BEGIN

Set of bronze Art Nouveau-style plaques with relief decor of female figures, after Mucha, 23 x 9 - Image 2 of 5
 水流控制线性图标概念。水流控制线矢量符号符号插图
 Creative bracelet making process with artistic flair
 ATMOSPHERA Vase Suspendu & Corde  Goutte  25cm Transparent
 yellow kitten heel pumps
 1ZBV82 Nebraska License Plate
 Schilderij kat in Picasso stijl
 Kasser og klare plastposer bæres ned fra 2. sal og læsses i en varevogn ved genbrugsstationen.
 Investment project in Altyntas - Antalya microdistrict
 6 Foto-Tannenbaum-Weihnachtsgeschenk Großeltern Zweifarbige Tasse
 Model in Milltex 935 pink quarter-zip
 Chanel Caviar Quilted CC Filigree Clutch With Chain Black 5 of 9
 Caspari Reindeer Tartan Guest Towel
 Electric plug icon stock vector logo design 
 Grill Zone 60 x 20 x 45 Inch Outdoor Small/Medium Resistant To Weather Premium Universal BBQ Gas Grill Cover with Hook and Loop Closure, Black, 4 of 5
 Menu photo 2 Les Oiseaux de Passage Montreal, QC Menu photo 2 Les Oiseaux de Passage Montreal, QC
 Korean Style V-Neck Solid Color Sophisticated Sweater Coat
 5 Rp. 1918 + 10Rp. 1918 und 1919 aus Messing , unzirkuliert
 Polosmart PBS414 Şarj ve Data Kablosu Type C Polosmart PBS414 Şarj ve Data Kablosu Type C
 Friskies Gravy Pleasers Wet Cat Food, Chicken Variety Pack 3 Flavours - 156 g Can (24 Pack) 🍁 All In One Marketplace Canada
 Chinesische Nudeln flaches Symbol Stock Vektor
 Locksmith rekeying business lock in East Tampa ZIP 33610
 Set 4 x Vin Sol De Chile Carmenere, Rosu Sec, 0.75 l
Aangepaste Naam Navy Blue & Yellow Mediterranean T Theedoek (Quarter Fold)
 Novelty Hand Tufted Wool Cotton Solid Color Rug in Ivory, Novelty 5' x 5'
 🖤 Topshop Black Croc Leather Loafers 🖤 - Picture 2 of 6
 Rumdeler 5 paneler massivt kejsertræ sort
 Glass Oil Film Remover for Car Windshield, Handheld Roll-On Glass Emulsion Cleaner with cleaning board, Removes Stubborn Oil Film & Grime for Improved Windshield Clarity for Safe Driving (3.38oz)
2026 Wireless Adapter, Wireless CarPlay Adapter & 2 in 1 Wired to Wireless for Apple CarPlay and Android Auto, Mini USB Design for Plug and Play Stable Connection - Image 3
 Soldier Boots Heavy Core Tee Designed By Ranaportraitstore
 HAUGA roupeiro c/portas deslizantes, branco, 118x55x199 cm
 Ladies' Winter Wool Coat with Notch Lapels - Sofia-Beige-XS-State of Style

END

Task details:
This task needs one value: the number of lines in the material above that contain the word "Coat".

Answer space:
2